SUPPLIED RECORDS ▸
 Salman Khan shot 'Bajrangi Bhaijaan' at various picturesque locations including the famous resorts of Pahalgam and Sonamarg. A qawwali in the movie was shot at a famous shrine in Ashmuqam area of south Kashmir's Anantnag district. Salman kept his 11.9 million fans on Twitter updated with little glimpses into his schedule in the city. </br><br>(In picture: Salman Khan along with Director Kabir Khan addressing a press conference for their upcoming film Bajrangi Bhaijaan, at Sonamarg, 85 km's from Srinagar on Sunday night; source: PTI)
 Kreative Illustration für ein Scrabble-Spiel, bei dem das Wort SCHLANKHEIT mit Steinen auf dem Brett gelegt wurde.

==

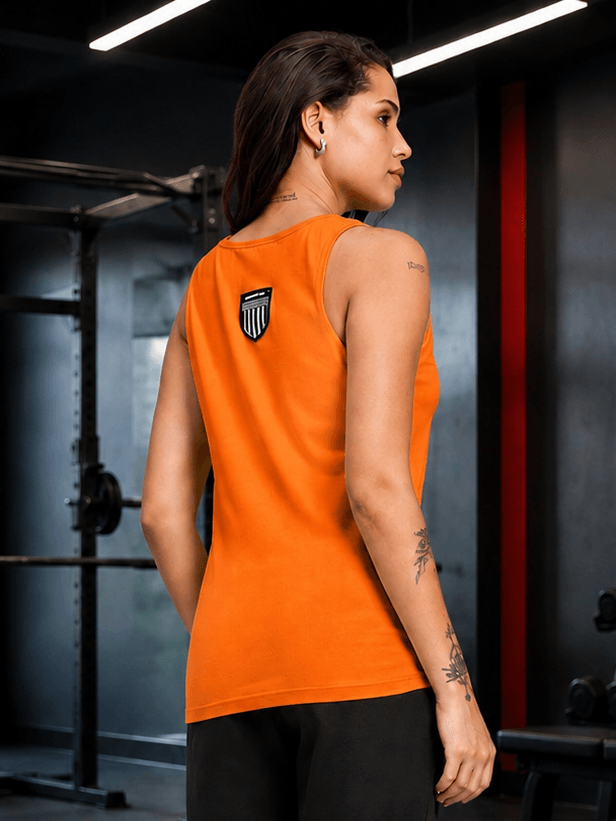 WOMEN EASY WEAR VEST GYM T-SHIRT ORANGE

---

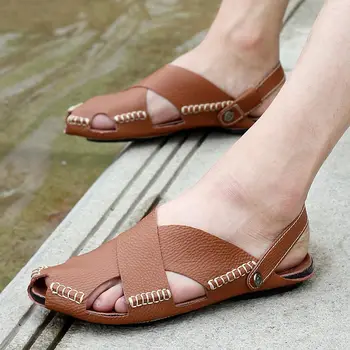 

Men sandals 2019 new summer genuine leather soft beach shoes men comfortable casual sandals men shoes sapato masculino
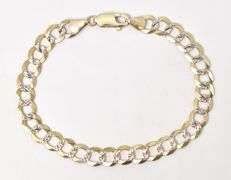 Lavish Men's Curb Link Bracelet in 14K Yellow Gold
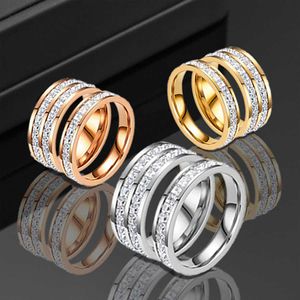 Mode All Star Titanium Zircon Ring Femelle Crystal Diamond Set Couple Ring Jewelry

WHAT IS BEING ASKED ▸ Leave the pictures out. Output, exactly, the lines of the material above starting at the line containing "Lavish Men's Curb" and ending at the line containing "Mode All Star".

RESULT FOR THIS TASK ▸
 Lavish Men's Curb Link Bracelet in 14K Yellow Gold
 Mode All Star Titanium Zircon Ring Femelle Crystal Diamond Set Couple Ring Jewelry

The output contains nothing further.